Bruno Hadjih expose « Wird » : De l’obscurité jaillit la lumière

Nous entrons dans la galerie, lieu de l’exposition, comme si on entrait dans une retraite, dans une obscurité enveloppante, guidée par une installation sonore, signée Imed Alibi. D’une œuvre à une autre, les scènes résonnent sur le support qui dicte sa loi et capte le regard dans toute sa sensibilité. Nous sommes face à la magie d’une synthèse de l’appareil, du mode opératoire, de la scène/sujet à la recherche du langage qu’il faut, pour faire corps avec une œuvre qui s’intéresse à quelque chose de l’ordre de l’idée, de l’abstrait.

Quand Bruno Hadjih expose ses photographies, c’est une invitation au voyage à laquelle il nous convie…Pour lui, le soufisme était une rencontre fortuite et est devenu un chemin et un parcours qui s’est étalé sur plus de deux décennies.

Nous sommes à la galerie du 32 bis, au cœur du centre-ville de Tunis, à emprunter le pas au photographe, à vouloir suivre un questionnement, un doute qui se nourrit de nouvelles sensations. Bruno Hadjih avoue avoir suivi de fausses pistes, s’être perdu sur les sentiers de l’exotisme, s’être arrêté sur l’apparence à trop vouloir saisir l’esthétique, le plastique ou l’ethnographique. Le regard, était pour lui, si extérieur, si distant, si observateur, et le voyage physique, qui l’a mené vers des contrées lointaines, l’a fait revenir sur ses pas pour retrouver enfin l’insaisissable, l’infini subtil.

Khalwa Qadiri – Tombouctou Mali – 2007

Entre halte et « station », selon le langage soufi, les repères se redessinent, au gré des rencontres dans des attentes, consenties et complices pour un instant où la magie opère. La photo est la synthèse d’un ensemble indissociable. Le format et la technique sont une partie essentielle de la pratique artistique et de tout le processus mis en place. Le fond, la forme et la démarche pour matérialiser une vibration ou une décantation de sujets dans un état d’élévation et de transe dans une pénombre où la lumière est infusée, entre le sujet et le résultat final agit le photographe comme partie prenante, le regard alerte et l’âme aiguisée à point pour la captation de l’instant de l’extinction de l’être dans l’autre, de l’intensité au détachement. Le travail de l’argentique se poursuit dans le même état de doute, dans un temps du doute qui a bien commencé de la réflexion, de la prise de vue, du développement, au tirage.

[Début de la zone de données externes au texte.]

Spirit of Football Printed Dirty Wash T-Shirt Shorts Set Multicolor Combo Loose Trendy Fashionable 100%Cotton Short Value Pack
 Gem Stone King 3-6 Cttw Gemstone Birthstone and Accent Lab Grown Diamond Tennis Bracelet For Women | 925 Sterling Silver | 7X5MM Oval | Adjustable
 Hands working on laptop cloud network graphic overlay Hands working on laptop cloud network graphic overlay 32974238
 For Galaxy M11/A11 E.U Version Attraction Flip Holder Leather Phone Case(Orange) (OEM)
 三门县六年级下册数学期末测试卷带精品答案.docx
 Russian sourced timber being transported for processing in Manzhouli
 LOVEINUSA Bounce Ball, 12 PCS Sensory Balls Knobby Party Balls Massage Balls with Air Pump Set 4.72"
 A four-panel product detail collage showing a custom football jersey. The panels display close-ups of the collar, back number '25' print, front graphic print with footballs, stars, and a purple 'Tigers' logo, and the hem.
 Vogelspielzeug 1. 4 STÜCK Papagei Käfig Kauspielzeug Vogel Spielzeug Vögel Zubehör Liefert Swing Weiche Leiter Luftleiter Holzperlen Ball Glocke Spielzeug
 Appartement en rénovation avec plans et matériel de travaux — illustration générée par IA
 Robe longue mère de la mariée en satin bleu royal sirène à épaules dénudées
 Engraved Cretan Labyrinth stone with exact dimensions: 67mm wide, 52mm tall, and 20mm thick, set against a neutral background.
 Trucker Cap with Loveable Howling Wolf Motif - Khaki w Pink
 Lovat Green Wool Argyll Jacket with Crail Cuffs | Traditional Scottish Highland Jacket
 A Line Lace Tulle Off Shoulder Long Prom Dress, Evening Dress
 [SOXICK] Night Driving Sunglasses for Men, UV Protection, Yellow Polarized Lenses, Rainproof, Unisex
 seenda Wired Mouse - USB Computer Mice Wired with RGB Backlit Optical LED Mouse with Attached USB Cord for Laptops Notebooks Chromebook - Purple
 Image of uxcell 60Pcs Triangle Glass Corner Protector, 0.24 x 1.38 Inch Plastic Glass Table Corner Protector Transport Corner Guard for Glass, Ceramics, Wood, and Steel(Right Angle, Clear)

Dargha , Cham’s-Din-Tabriz, Multan, Pakistan – 2000

Pour entrer enfin dans la galerie, lieu de l’exposition, comme si on entrait dans une retraite, dans une obscurité enveloppante, guidé par une installation sonore, signée Imed Alibi. D’une œuvre à une autre, les scènes résonnent sur le support qui dicte sa loi et capte le regard dans toute sa sensibilité. Nous sommes face à la magie d’une synthèse de l’appareil, du mode opératoire, de la scène/sujet à la recherche du langage qu’il faut, pour faire corps avec une œuvre qui s’intéresse à quelque chose de l’ordre de l’idée, de l’abstrait.  Dans la pureté d’une intimité appelée « Le Hal» qui est l’extinction de soi dans l’autre. «Personne ne raconte ce qui se passe pendant une khalwa, écrit Pierre Guicheney. Le témoignage le plus visible des ermites à l’issue de la retraite, c’est le rayonnement de leur visage. Bruno Hadjih témoigne qu’on peut “sentir la matérialité de cette intériorité”, si on est à l’écoute. «Wird», une expérience soufie.

Dargha , Cham’s-Din-Tabriz, Multan, Pakistan – 2000

“Ils ont un regard qui est nourri par ce qu’ils ont à l’intérieur”. Bruno Hadjih les sublime dans de nouveaux traitements. Il en exalte les dominantes, les températures, les couleurs… Ces images ne se prêtent pas à une lecture immédiate, elles ne cherchent pas un impact éphémère. Elles demandent réflexion, contemplation. Elles sont visions et révélations. D’uniques et précieuses icônes» : les visages se dissoudent, les corps vibrent, se dédoublent dans un mouvement qui efface leur densité et leur propose d’autres textures quasi translucides dans une ascension vers un insaisissable absolu.

«Wird» est une exposition qui se poursuit jusqu’au 18 mars au 32 bis–rue Ali Ben Ghedhahom au centre-ville de Tunis. A voir, à sentir et à se laisser transporter par les sens.